Sunday, December 4, 2011

Understanding normal forms

Normal forms or normalization was very hard for me understand until I came across a webpage and everything became quite clear for me. The plus point about this webpage was the way it explained the normal forms. The explanation does not use relational algebra or functional dependencies to understand normal forms.
1st Normal Form:
1st normal Form deals with the shape of a Record Type. 
Under first normal form, all occurrences of 
record type must contain the same number of fields.

First normal form excludes variable repeating fields and groups.

2nd Normal Form:

Second normal form is violated when a non-key field is a fact about a subset of a key.
It is only relevant when the key is composite, i.e., consists of several fields.


Consider the following inventory record:
R(Part, Wherehouse,Qty,Wherehouse-Address)
Here the key is Part-Wherehouse fields together but Wherehouse-Address is fact about Wherehouse only. So it violates the 2nd Normal form.
The decomposition should be:
R1(Part,Wherehouse,Qty)    and      R2( Wherehouse,Wherehouse-Address)
The problems here were:
The warehouse address is repeated in every record that refers to a part stored in that warehouse.
If the address of the warehouse changes, every record referring to a part stored in that warehouse must be updated.
Because of the redundancy, the data might become inconsistent, with different records showing different addresses for the same warehouse.
If at some point in time there are no parts stored in the warehouse, there may be no record in which to keep the warehouse's address.


3rd Normal Form:

Third normal form is violated when a non-key field is a fact about another non-key field.
Example:
R(Employee,Department,Location)
Here the key is Employee. But Location is for the Department(Another non key).

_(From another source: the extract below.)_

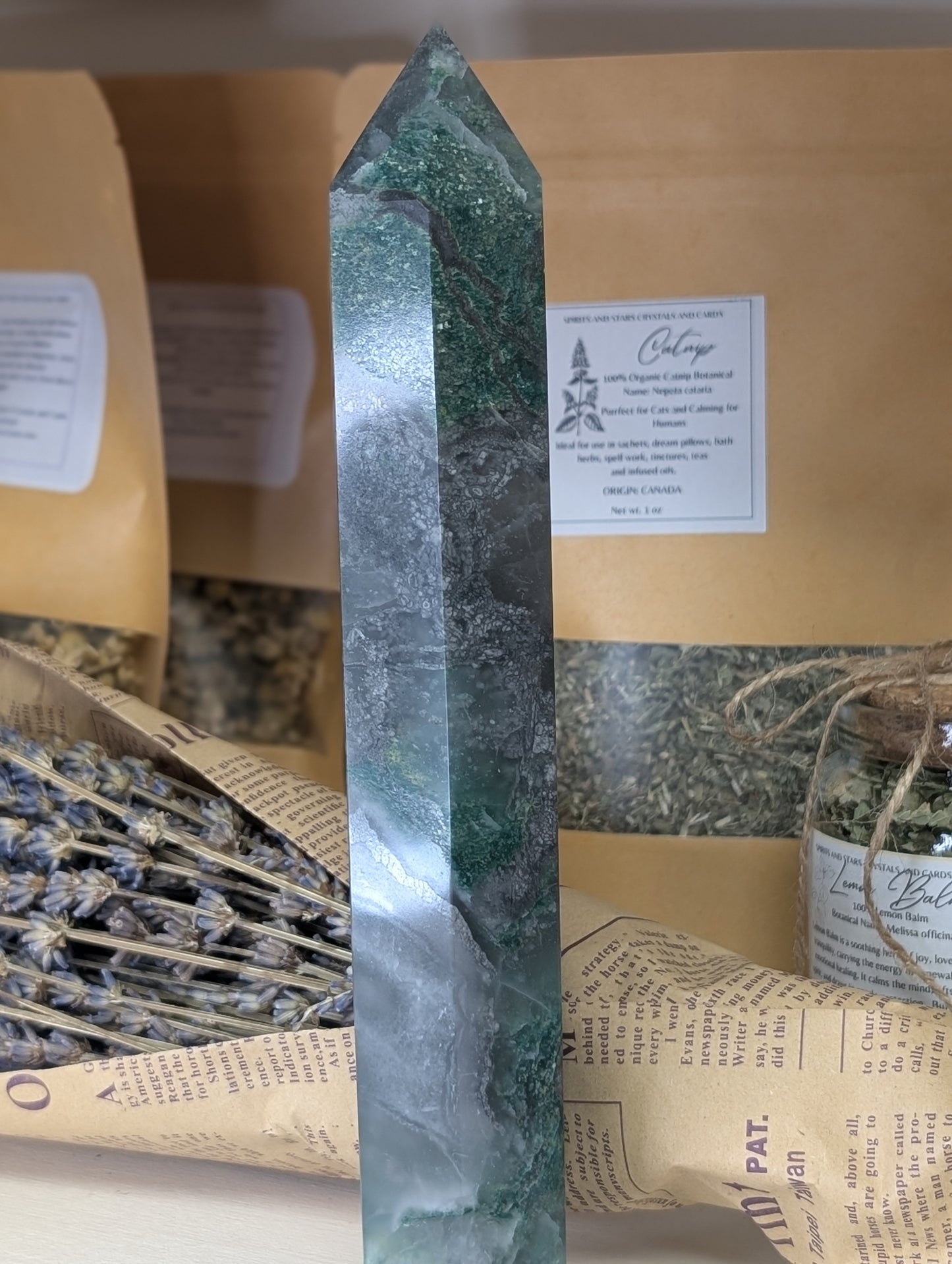 Large Natural Moss Agate obelisk Towers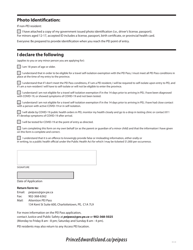 Form DD-40 Pei Pass Application - Prince Edward Island, Canada, Page 2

So it violates 3rd Normal Form.
Decomposition:
R1(Employee,Department)     and R2(Employee,Location)


The problems here were:
The department's location is repeated in the record of every employee assigned to that department if department location changes, every such record must be updated.
Because of the redundancy, the data might become inconsistent, with different records showing different locations for the same department.
If a department has no employees, there may be no record in which to keep the department's location.


To summarize, a record is in second and third normal forms if every field is either part of the key or provides a (single-valued) fact about exactly the whole key and nothing else.